Larissa frowned. “I don’t know why they don’t let children come. Not enough room, I guess. They should enlarge the Releasing Room.”
“We’ll have to suggest that to the committee. Maybe they’d study it,” Jonas said slyly, and Larissa chortled with laughter.
Neither Jonas nor Larissa knows exactly what happens when someone is Released. Larissa is able to tell Jonas about the ceremony that took place before her friend Roberto was led to a private room to be Released (i.e., killed). Only members of the Committee have ever been inside the private room. Jonas wishes he had been allowed to attend the ceremony at least. This comment makes Larissa "frown" and realize, it seems, that she has never thought about why children are kept away from these ceremonies. She explains it away as a practical matter of room capacity.
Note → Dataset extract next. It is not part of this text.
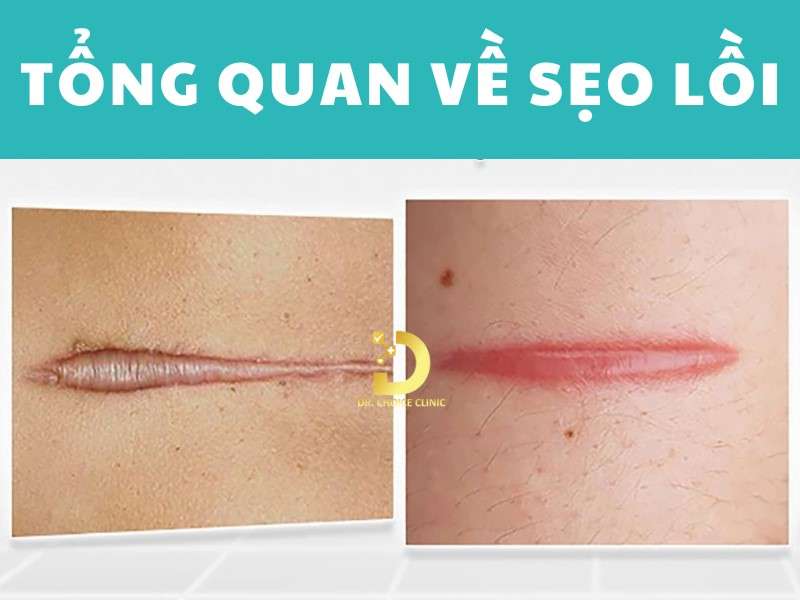Sẹo Lồi: Đặc Điểm, Nguyên Nhân, Các Loại & Cách Điều Trị 8 Tổng quan về sẹo lồi là gì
However, her frown indicates that she has had an uncomfortable realization. The Committee has been gatekeeping Release for some reason that they have not made clear to the public.
Jonas makes light of the tense situation by joking that they should ask the Committee to consider enlarging the Releasing Room. "Maybe they'd study it," he says. Both Jonas and Larissa know that Jonas is being sarcastic. It is a running joke in the Community that the Committee "studies" difficult questions not to find the answers, but rather to avoid answering the questions altogether. When the Committee says it must "study" a question, everyone knows that they will set it aside until everyone forgets that they were waiting for an answer. Jonas's verbal irony diffuses the tension and allows him and Larissa to laugh together over a frustrating situation. At the same time, it also allows them to indirectly discuss some shared skepticism over the Committee's honesty and effectiveness. Open critique of the Committee is not yet possible in the Community, but Jonas and Larissa use laughter to find allies in one another.